Ich schrieb es im letzten LA: Die Abwärtsspirale nimmt Fahrt auf, für mein Empfinden etwas zu schnell und - ja, auch zu unglaubwürdig. Was soll das hier sein? Eine Gesellschaftssatire?
Unrat verliert erwartungsgemäß seinen Job. Alle Männer, auch und gerade der höchsten Schichten, beneiden ihn um seine schillernde Frau, die durch die Heirat die Treppe hoch gefallen ist. Sie kann sich noch schönere Toiletten leisten, das Geld wird mit vollen Händen ausgegeben...
Irgendwann sind die 30.000 Mark (!) ausgegeben und man muss Schulden machen. Schließlich wird eine Art Spielcasino/Lusttempel in Unrats Villa eröffnet. Alle strömen herbei, fröhnen dem Glücksspiel und bringen sich hintereinander in Schande. Unrat feixt, gibt seiner Frau sogar konkrete Aufträge, wen sie als Nächstes "vernichten" soll...
Dabei wiegt die Freude am Unglück der anderen weit höher als sein eigener Liebeskummer. Erst bei Lohmann, seinem ärgsten Feind, sieht er rot...
Das Ganze ist mir dermaßen böse, dass es sich wie ein Märchen liest. Ich verstehe den tieferen Sinn: Der Lehrer war damals fast gottgleich zu verehren, hatte einen hohen formalen Status, dem Raat aufgrund seines revanchistischen und menschenfeindlichen Verhaltens in sozialer Hinsicht überhaupt nicht entspricht. Entsprechend wird er als "Unrat" und Schlimmeres bezeichnet. Der Professor ist von Anfang an ein Unsympath, der Buchtitel weist zudem die Richtung an, in die es geht: Untergang.
Dieser Untergang speist sich aus dem übertriebenen Schutz- und Fürsorgebedürfnis Unrats. Es ist gerade, als hätte jemand den Schalter bei ihm umgelegt. Zuvor war er ein völlig angepasster, verschobener und Untergebenen gegenüber bösartiger Beamter, dann wird er zum Stalker, zum von Leidenschaft getriebenen, lächerlichen Alten. Das Lachen bleibt mir komplett im Hals hängen, warum, kann ich gar nicht sagen. Es ist wohl zuviel des Guten. Manchen hasserfüllten Absatz habe ich zum Ende hin als Länge empfunden.

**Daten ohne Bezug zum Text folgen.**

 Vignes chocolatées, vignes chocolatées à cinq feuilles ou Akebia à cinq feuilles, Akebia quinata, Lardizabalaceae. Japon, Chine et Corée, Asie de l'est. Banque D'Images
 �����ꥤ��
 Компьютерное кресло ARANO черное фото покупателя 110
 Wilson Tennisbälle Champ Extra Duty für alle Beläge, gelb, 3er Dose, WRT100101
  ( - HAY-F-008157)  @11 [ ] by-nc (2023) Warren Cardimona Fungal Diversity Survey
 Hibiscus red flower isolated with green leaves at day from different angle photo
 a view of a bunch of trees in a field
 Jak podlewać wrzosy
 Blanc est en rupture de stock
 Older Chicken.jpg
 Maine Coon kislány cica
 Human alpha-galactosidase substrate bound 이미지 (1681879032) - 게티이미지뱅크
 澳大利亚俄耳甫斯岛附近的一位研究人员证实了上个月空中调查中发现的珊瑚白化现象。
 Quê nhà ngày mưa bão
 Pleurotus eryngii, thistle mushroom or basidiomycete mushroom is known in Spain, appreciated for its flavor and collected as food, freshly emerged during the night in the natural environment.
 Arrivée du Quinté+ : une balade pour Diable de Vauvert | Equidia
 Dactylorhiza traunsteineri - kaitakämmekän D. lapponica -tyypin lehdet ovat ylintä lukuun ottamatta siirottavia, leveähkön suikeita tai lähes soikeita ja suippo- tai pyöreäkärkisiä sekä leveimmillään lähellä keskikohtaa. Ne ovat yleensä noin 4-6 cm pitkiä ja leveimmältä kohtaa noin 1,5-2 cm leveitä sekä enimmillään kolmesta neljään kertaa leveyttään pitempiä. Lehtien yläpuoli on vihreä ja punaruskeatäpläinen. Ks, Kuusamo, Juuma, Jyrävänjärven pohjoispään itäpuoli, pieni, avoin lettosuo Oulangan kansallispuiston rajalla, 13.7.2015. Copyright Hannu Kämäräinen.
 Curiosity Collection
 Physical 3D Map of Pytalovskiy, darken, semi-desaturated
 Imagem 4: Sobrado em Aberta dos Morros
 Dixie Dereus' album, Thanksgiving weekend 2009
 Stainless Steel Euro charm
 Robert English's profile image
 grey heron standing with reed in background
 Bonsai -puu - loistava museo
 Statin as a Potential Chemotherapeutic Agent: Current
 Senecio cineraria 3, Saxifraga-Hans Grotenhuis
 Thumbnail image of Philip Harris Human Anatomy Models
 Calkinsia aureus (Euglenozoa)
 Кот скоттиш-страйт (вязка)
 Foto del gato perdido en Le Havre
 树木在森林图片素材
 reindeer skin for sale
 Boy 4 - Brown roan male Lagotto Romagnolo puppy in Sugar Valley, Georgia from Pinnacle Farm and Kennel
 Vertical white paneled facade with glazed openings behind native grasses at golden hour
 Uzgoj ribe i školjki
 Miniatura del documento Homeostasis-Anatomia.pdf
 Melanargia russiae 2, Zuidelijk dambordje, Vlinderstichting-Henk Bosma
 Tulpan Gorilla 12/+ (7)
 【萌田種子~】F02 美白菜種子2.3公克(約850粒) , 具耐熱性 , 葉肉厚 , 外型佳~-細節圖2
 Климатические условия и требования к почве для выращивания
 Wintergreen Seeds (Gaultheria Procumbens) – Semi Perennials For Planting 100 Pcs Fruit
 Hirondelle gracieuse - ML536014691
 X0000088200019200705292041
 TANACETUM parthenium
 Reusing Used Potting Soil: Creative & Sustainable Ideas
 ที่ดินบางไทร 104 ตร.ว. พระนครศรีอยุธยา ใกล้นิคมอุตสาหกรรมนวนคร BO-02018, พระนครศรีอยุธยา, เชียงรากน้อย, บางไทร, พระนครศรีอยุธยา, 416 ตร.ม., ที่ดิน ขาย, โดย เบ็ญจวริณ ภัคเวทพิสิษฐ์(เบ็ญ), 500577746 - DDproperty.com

Die Künstlerin Fröhlich bleibt sich treu: Sie ist liebes- und vergnügungshungrig, bemüht sich einer gewissen Diskretion, genießt das Unrat´sche Geld und seinen Status. Ihr Kind spielt für sie keine Rolle. Sie äußert zwar mal, etwas für die Kleine zurücklegen zu wollen, damit sie es im Leben mal besser habe, tut es aber nie, immer kommt eine Vergnügung/Geldausgabe dazwischen. Geschickt übrigens, wie sie Unrat das Kind untergejubelt hat.
Jetzt lese ich mal noch das Nachwort.